# [Required work]
Output exactly the lines from the one with "this 450×273 image." to the close of the records below, first and last included.

(Records from a data collection)
* * * *

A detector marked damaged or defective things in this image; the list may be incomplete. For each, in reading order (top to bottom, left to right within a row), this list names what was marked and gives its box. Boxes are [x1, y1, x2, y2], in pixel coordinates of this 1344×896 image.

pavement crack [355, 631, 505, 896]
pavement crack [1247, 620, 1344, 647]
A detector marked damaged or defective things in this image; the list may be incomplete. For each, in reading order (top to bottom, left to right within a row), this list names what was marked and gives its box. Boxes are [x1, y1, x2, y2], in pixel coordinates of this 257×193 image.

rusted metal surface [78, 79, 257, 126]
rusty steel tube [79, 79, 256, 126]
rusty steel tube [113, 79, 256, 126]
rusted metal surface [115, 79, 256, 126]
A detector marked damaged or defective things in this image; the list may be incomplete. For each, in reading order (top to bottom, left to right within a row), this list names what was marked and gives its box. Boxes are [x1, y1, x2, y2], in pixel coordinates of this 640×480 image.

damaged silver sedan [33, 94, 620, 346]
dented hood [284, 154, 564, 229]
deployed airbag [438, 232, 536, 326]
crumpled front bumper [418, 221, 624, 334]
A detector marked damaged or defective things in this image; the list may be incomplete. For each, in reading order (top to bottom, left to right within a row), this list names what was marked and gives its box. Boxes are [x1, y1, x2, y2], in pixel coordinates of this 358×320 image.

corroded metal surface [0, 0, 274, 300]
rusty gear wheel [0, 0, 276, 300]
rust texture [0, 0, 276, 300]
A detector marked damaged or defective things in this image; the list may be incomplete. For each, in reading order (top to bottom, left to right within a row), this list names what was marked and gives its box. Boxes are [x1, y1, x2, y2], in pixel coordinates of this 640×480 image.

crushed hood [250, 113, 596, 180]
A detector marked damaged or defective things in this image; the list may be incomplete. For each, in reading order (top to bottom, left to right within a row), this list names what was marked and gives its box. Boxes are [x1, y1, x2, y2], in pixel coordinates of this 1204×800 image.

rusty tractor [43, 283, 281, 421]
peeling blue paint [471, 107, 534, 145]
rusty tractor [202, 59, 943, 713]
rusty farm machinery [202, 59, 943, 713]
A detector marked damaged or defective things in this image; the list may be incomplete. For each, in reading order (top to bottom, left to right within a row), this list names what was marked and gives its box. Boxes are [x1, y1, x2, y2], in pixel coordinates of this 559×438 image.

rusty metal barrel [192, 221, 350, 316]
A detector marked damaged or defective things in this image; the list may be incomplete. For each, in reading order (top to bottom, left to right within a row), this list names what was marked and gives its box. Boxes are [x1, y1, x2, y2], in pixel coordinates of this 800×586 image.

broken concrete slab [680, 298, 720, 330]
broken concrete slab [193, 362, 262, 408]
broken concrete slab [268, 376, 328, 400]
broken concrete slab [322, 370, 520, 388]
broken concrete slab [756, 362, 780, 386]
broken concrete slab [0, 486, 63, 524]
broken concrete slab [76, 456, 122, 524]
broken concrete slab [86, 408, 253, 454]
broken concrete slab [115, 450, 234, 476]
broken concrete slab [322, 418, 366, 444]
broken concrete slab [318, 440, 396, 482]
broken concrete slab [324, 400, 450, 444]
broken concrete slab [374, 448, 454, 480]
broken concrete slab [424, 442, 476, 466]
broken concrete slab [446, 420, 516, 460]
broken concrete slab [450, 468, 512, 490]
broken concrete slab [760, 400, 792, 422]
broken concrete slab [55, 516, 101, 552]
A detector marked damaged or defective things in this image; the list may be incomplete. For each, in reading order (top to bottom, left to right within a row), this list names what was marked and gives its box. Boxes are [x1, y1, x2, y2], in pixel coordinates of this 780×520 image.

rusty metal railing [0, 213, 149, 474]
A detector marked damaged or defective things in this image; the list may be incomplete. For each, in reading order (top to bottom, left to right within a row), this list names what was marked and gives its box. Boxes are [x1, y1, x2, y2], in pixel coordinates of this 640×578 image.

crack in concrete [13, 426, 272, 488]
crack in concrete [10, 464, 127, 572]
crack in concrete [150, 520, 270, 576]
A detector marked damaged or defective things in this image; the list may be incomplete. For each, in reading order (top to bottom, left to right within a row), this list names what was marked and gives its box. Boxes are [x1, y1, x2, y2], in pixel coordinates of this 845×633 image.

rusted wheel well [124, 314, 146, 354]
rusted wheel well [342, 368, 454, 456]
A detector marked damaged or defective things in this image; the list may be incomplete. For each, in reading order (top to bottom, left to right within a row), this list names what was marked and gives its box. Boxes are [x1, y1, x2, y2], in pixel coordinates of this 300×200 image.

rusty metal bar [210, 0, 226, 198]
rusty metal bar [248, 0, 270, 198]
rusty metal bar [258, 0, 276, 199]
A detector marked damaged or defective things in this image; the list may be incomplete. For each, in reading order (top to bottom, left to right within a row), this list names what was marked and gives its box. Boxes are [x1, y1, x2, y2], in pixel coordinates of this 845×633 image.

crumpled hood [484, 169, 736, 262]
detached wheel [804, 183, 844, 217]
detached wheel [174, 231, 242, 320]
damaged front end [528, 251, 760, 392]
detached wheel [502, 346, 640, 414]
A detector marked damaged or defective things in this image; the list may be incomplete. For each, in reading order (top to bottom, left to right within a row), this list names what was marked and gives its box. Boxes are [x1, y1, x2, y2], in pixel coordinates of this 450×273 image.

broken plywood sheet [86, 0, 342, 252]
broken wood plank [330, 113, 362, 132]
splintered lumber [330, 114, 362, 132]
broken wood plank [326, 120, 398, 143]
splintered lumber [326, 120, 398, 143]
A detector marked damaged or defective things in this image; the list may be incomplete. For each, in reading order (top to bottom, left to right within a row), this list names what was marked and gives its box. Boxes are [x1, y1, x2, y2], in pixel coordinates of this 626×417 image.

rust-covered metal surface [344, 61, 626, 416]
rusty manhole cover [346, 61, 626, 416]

* * * *

# [Solution to the problem]
A detector marked damaged or defective things in this image; the list may be incomplete. For each, in reading order (top to bottom, left to right within a row), this list names what was marked and gives its box. Boxes are [x1, y1, x2, y2], in pixel coordinates of this 450×273 image.

broken plywood sheet [86, 0, 342, 252]
broken wood plank [330, 113, 362, 132]
splintered lumber [330, 114, 362, 132]
broken wood plank [326, 120, 398, 143]
splintered lumber [326, 120, 398, 143]
A detector marked damaged or defective things in this image; the list may be incomplete. For each, in reading order (top to bottom, left to right within a row), this list names what was marked and gives its box. Boxes are [x1, y1, x2, y2], in pixel coordinates of this 626×417 image.

rust-covered metal surface [344, 61, 626, 416]
rusty manhole cover [346, 61, 626, 416]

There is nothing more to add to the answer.